Immigration

‘He just cries and cries': families grapple with US deportations amid pandemic


Alvaro Hernandes saw his wife and recently born twin daughters for the last time through a video call on 5 January before he was deported from immigration detention in Kansas to Guatemala, after living in the US for 12 years.

Shortly after Hernandes and his wife brought their two newborn daughters from the hospital in June 2020, he was detained for being undocumented and handed over to immigration customs enforcement by a local sheriff after he called 911 when he was unable to get in contact with his wife for a brief period of time and wasn’t aware there was a non-emergency number for the police.

Despite testimonials from family members, friends, his longtime boss and landlord, an immigration court in Kansas City, Missouri, ordered the deportation to proceed, citing a 2008 DUI conviction. Due to the coronavirus pandemic, Hernandes’s family has only been able to speak with him through expensive video calls and collect phone calls. While imprisoned, Hernandes also contracted coronavirus.

“I don’t know if I will ever see him again. He just cries and cries during our visits on camera,” said his wife, Sierra Schauvilegee. “He has been tormented by being separated from us.”

Alvaro Hernandes
‘He has been tormented by being separated from us.’ Photograph: Courtesy of Alvaro Hernandes’ family

The couple met in 2017 through a mutual friend. She described Alvaro as hardworking, an employee in the agriculture industry working on a cattle ranch for the past eight years for $10 an hour, often working 12-hour days, six to seven days a week.

“He prays one day he will be reunited with his babies,” added Schauvilegee.

The coronavirus pandemic briefly halted arrests and raids by Immigration and Customs Enforcement (Ice), which resumed in mid-July 2020. Human rights organizations, activist groups and congressional representatives have called for a moratorium on deportations during the pandemic, as 185,000 deportations were carried out in the fiscal year 2020 by the Trump administration, many during the pandemic.

Coronavirus outbreaks have spread throughout immigration detention centers in the US, with at least 8,000 reported cases, and a recent report issued by Detention Watch Network linked outbreaks in immigration detention centers to about 250,000 coronavirus cases in communities where the centers are located between May and August 2020.

The outbreaks extended to flights of deported immigrants, spreading coronavirus to other nations.
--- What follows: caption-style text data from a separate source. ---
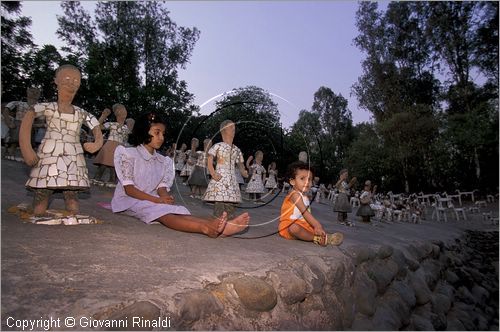 INDIA (PUNJAB) - CHANDIGARH - citt interamente progettata da Le Corbusier negli anni '50 - Giardino Roccioso (Rock Garden) - bizzarria architettonica dell'artista Nek Chand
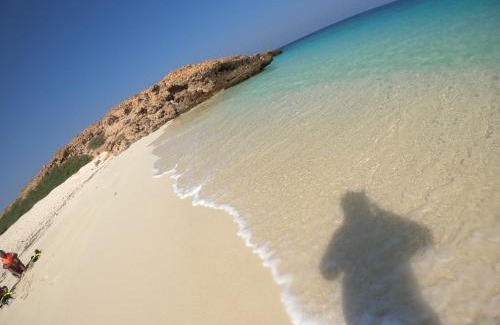 Muscat Boat Rental | Dimaniyat Islands Camping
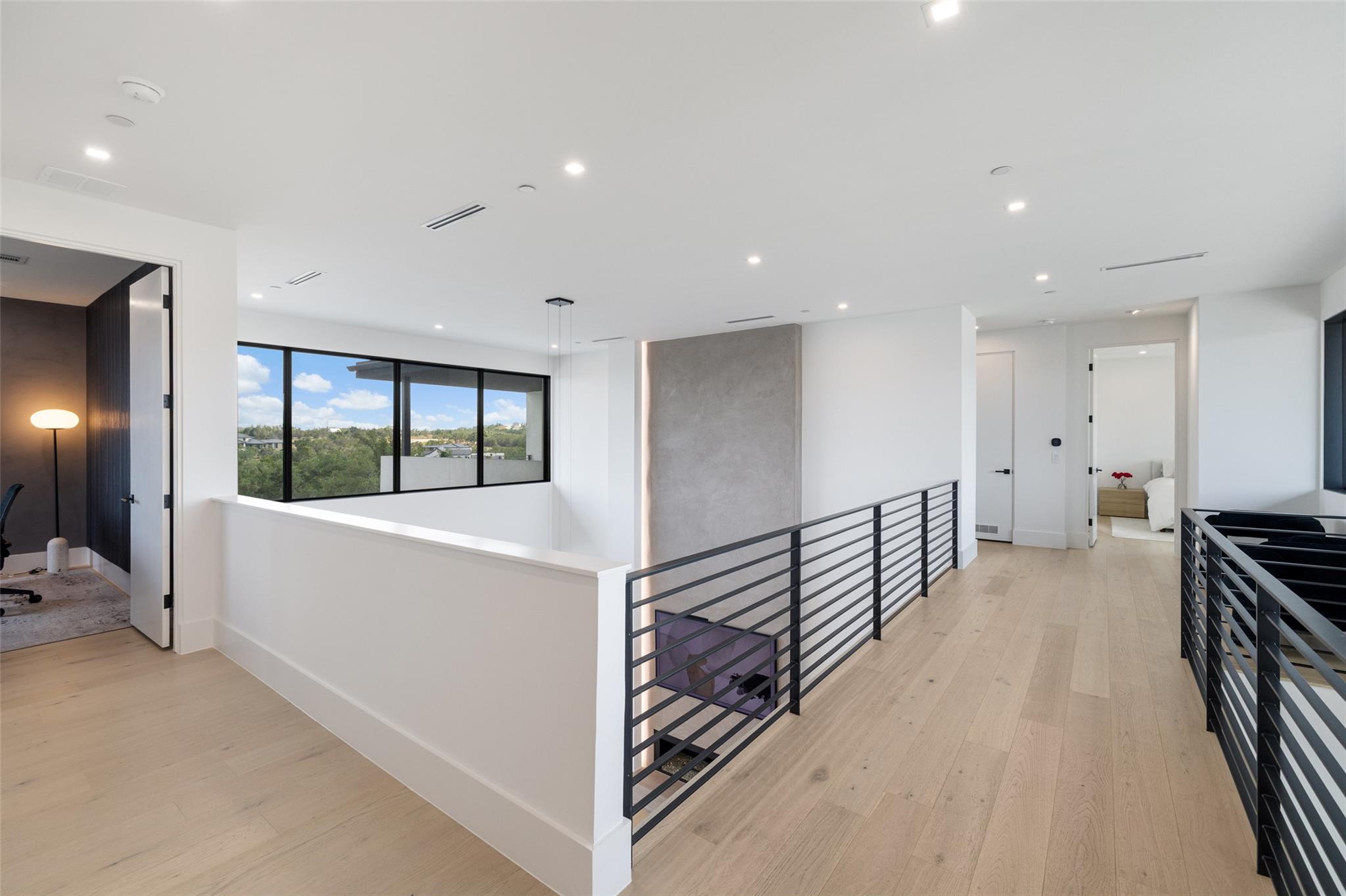 6005 Madrone Tree Ln, Austin, TX 78738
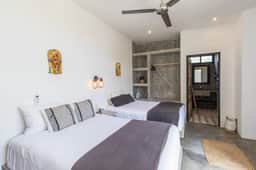 Cozy 2BR flat near downtown and beaches - Image 3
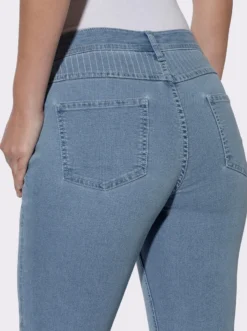 Jeans mit gestreiften Einsätzen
Hundreds of immigrant detainees have withdrawn their cases to halt their deportation out of fear from coronavirus outbreaks in detention centers while pursuing their cases in court.

Under the Trump administration, a zero-tolerance policy enacted in April 2018 at US borders forcibly separated thousands of children from their parents and guardians, and under a secret “pilot” program, the US was separating families at the border as early as 2017. Even after a backlash caused a reversal of the policy, separations continued and hundreds of families have yet to be reunited.

Thousands of immigrants with US-born children are deported every year, creating economic instability for the families left behind and disrupting children’s health and development.

But children also face deportation orders themselves.

Johanna Torres, an immigration lawyer based in Laredo, California, is currently appealing against the deportation order for a three-year-old boy.

The boy and his mother came to the United States without inspection after fleeing from El Salvador after being threatened by a drug cartel. They originally had an immigration court hearing in Houston, Texas, but they relocated to California and the mother did not change the court venue for her son. Because of the court absence, the court ordered the three-year-old boy’s removal from the United States, and an immigration judge also denied a motion to reopen the case.

“Our next step is to file an appeal with the board of immigration appeals,” said Torres. “It was a simple mistake that she has moved swiftly to correct and the system’s punishment is not proportionate.”

As Donald Trump’s final days in office come to a close, the incoming Biden administration has vowed to temporarily suspend deportations while enacting changes to the US immigration system, but transition officials insisted changes will take months to implement.

For those families in the US who have already lost loved ones to deportation, coronavirus restrictions have made it even more difficult to handle the separations.

Lauren Garcia of San Antonio, Texas, was a stay-at-home mother caring for three young daughters while her husband, Juan Garcia, worked full-time as a welder because of the high costs of childcare.

Juan Garcia with his three daughters.
Juan Garcia with his three daughters. Photograph: Courtesy of Lauren Garcia

Shortly before the pandemic, her husband was pulled over by a police officer for a minor traffic violation, but detained for an expired driver’s license and handed over to Immigration and Customs Enforcement. The couple were married in 2015 and Juan Garcia has lived in the US since 2013.

After spending six months in an immigration detention facility, Juan Garcia was deported to Mexico, leaving his wife and children with no income and Lauren Garcia has been unable to find a job because of the pandemic and her children who are attending school virtually.

“If it wasn’t for my family, my daughters and I would have nowhere to live,” said Laura Garcia. “We’ve been having to travel back and forth to Mexico so our daughters can see their dad. It’s been very hard. It’s not fair. My girls want their dad in their life.”